Famaey and McGaugh §7.
[https://arxiv.org/abs/1112.3960](https://arxiv.org/abs/1112.3960)

Consequently the rest of your last paragraph is incorrect.

"we need dark matter to explain any theory of gravity"

No. MOND _is_ a theory of gravitation, but it's not relativistic, and it does
not work at scales larger than that of galaxies (it is notably wrong with
respect to the peculiar motions of galaxies in massive clusters, and a
residual mass term must be added _ibid._ §6.6.4 : essentially, MOND still
needs dark matter at galaxy cluster scales, even if it were to correctly
describe all the individual galaxies in the massive cluster).

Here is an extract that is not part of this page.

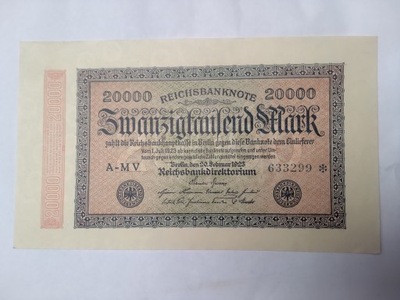 Banknot 20000 marek Niemcy 1923 rok.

Additionally, General Relativity does not require dark matter any more than
Newton's F=ma requires dark matter. The issue is that General Relativity's G=T
like F=ma does not tell you about the initial trajectories, you plug those in
by hand. If you start with the trajectories learned by observing galaxies (as
Vera Rubin did), you can work out a stress-energy tensor that satisfies those
trajectories -- and the majority of it has to be electromagnetically-
uncharged, interacting very weakly or even only gravitationally (i.e., they
can't clump or diffuse on the scales of mere millions of years), and slow-
moving. If neutrinos weren't so inclined to zip around at speeds very close to
that of light, they'd fit nearly perfectly; unfortunately, we're left trying
to find the microscopic details of the unknown parts of the stress-energy
tensor. Milgrom's MONDian approach to Rubin's discoveries that the orbits of
"surface" stars are non-Keplerian was to turn "a" in F=ma into a function that
depends on the radial distance from a galaxy's core; the function was found
empirically, comparable to how the stress-energy distribution was found.
However, it's the dependence on a _coordinate_ distance that makes this
approach non-relativistic.

(For terseness, in the paragraph above I've discarded some factors, set the
constants c and G to unity, and omitted the greek-letter indices on the
stress-energy and Einstein tensors (T resp. G). In the MOND context, F=ma is
more appropriately written as in the first paragraph of §6 of Famaey &
McGaugh.)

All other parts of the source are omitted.